When the cardiologist injects dye during a left heart catheterization, use 93543 (... for selective left ventricular or left atrial angiography) for the injection and 93510 for the left heart catheterization.

For coronary bypass angiography, report 93539 if the physician injects such vessels as the internal mammary artery (IMA) and 93540 (Injection procedure during cardiac catheterization ...) for injections in a saphenous (or other) vein graft (SVG). The physician's documentation must state that the selective IMAor SVG occurred and should indicate the results of the angiography to bill these codes, Miller says.

4. Count Supervision and Interpretation

Cardiologists typically supervise and interpret the angiograms resulting from the dye injections they make. Sometimes, a radiologist will interpret the angiograms, but this is rare. When the cardiologist does not interpret these, you cannot bill the S&I codes.

Use 93555 (Imaging supervision, interpretation and report for injection procedure[s] during cardiac catheterization; ventricular and/or atrial angiography) when the physician interprets injections in any of the heart chambers, coding consultants say. Specifically, you should apply 93555 with 93542 (... for selective right ventricular or right atrial angiography) and/or 93543 (... for selective left ventricular or left atrial angiography).

Report 93556 (... pulmonary angiography, aortography, and/or selective coronary angiography including venous bypass grafts and arterial conduits [whether native or used in bypass]) with all other injection codes as long as the cardiologist documents performing the S&I.

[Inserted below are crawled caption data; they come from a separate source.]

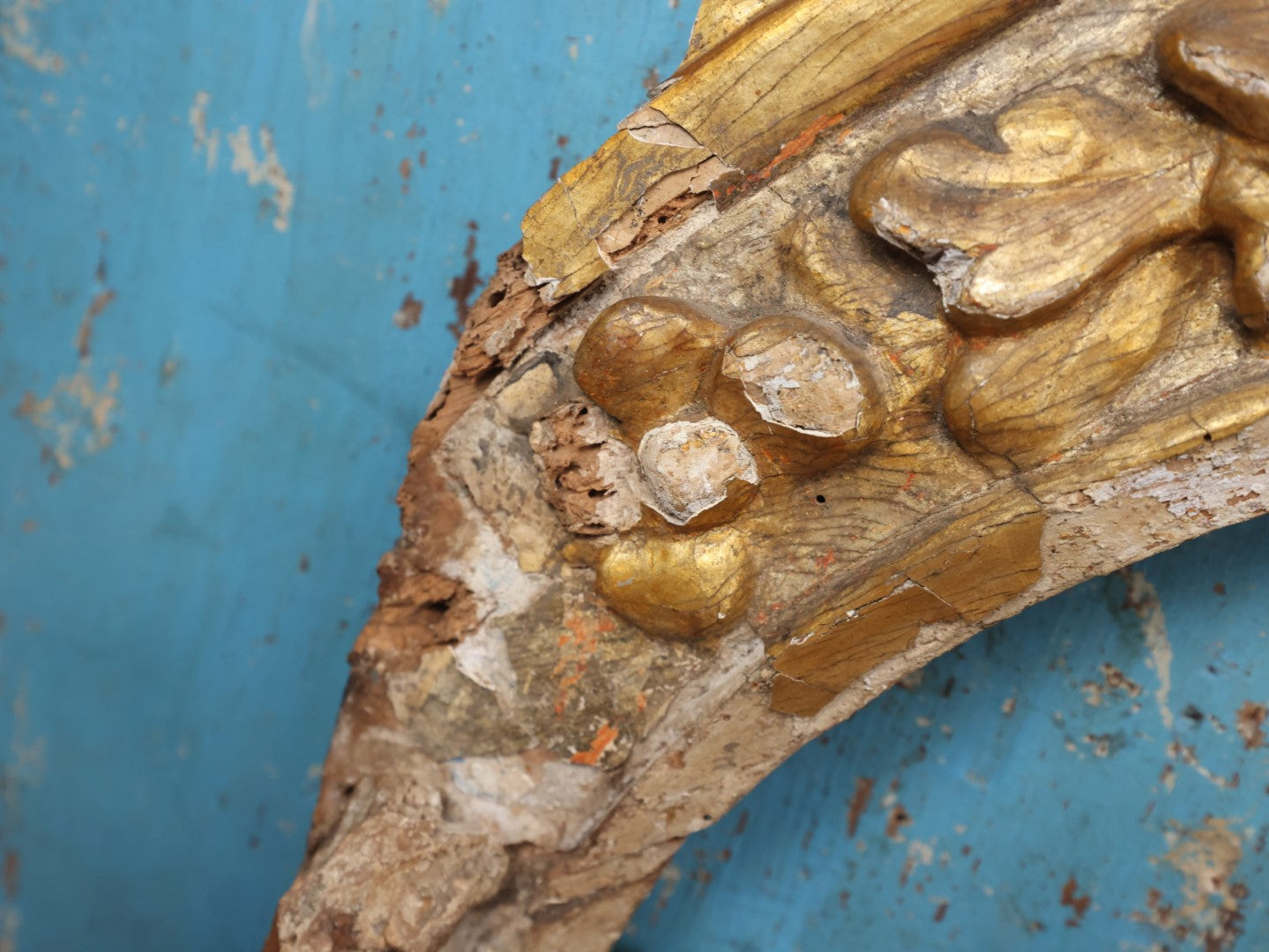 Lot 001 - Antique Late Baroque / Early Rococo Gilded Pediment Architectural Salvage With Cherub Motif, Note Heavy Chipping And Wear In Paint And Wood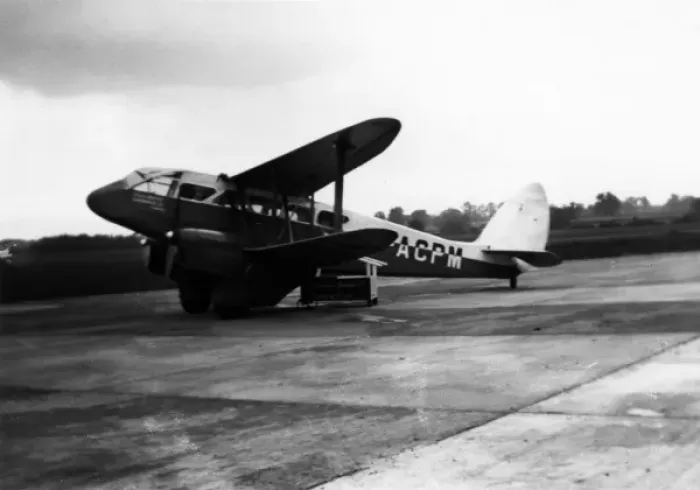 Framed Print : Dh Dragon Rapide Plane Framed Print : Dh Dragon Rapide Plane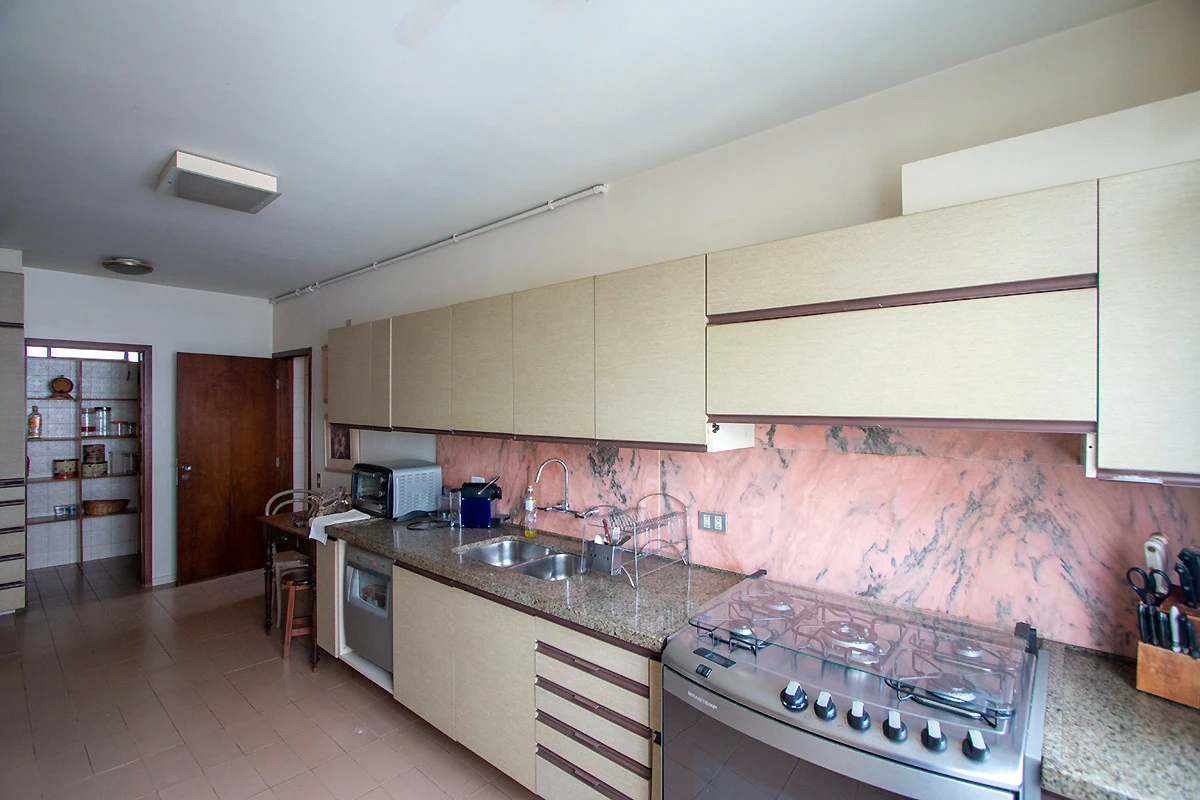 Glass-enclosed balcony in a 4-bedroom apartment, 382 m² — photo 20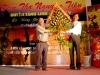 Chủ tịch UBND huyện Tánh Linh - Đoàn Ngọc Thánh tặng lẳng hoa chúc mừng đêm thơ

You can report 93555 and 93556 separately, but you can report each code only once per session, Miller states. If a cardiologist images both a patient's SVGs and coronaries, for instance, you should report 93556 only once, she says.

Don't forget to add modifier -26 to these S&I codes if the cardiologist performs the procedure in a hospital or someone else's facility (such as a free-standing cath lab), Pride adds.